**Task statement**
For the material below, set down exactly the lines between the one containing "Chico and the Man" and the last line, both included, leaving every picture out.

── Supplied material

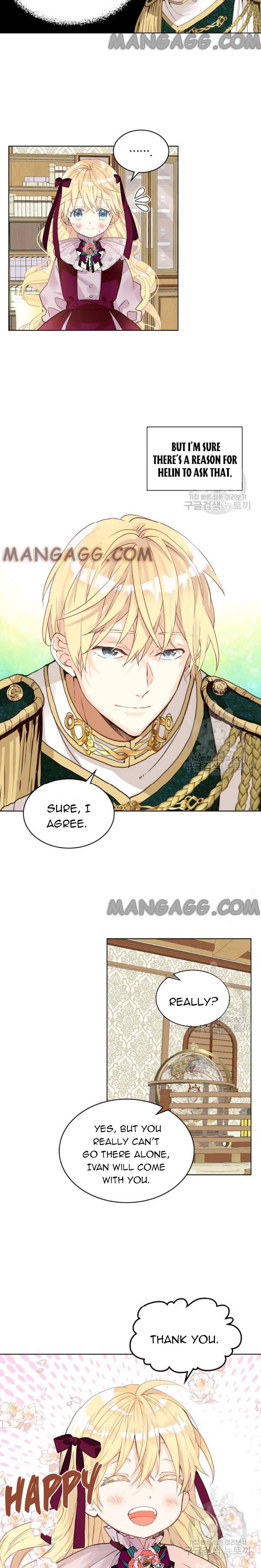 Chapter 54 - Image 6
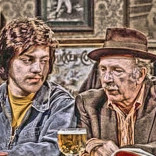 Chico and the Man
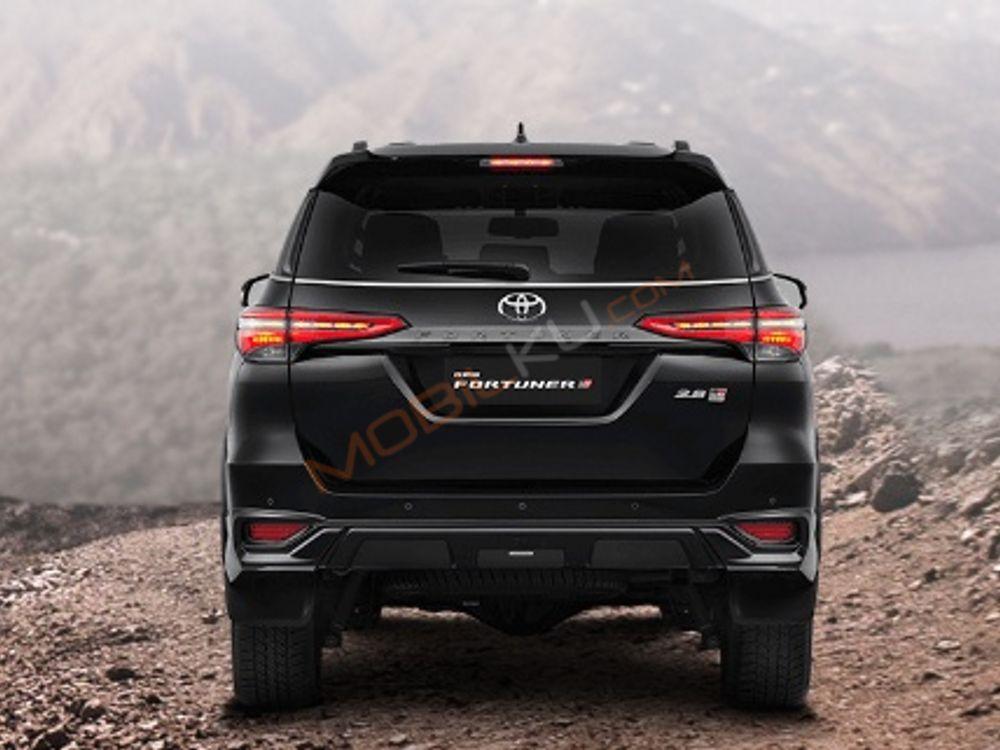 Mobil undefined undefined undefined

────

**Result**
 Chico and the Man
 Mobil undefined undefined undefined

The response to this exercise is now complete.